*Information supplied*:
________________________

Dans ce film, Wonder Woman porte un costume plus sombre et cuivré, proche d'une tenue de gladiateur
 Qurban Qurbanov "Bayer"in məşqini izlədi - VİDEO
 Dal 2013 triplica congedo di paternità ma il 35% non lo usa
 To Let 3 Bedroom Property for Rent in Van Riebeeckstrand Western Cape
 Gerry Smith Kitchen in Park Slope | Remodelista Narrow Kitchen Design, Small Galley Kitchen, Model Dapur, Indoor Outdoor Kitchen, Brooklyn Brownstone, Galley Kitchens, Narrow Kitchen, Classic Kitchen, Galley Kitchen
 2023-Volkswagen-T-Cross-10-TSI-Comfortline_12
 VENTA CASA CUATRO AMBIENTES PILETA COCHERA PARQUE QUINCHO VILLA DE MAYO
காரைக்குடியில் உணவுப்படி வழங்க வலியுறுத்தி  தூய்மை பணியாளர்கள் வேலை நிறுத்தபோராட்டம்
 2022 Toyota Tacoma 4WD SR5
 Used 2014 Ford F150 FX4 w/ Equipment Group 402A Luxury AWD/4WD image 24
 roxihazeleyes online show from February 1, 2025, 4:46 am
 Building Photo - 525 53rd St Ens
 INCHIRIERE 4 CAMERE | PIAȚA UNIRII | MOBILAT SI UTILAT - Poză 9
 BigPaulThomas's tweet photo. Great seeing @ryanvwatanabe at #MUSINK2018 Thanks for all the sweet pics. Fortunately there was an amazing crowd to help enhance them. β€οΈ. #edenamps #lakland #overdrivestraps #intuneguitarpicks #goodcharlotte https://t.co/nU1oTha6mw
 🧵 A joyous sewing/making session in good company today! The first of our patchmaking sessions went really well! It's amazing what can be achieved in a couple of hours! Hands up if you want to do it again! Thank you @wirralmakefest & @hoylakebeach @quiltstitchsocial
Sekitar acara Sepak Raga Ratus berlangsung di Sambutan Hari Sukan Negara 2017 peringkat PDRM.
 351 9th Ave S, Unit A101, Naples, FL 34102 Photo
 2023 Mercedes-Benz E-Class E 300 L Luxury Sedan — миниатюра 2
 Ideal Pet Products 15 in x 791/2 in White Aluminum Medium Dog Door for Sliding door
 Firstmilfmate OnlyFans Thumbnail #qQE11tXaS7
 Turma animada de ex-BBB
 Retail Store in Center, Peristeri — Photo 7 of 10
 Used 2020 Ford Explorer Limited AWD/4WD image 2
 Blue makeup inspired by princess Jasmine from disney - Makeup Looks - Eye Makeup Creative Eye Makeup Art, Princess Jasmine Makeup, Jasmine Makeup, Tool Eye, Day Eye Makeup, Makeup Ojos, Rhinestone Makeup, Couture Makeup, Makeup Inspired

________________________

*Task*:
From the records above, extract exactly and only the lines that begin at the line with "Firstmilfmate OnlyFans Thumbnail #qQE11tXaS7" and stop after the line with "Used 2020 Ford".

*Your response*:
 Firstmilfmate OnlyFans Thumbnail #qQE11tXaS7
 Turma animada de ex-BBB
 Retail Store in Center, Peristeri — Photo 7 of 10
 Used 2020 Ford Explorer Limited AWD/4WD image 2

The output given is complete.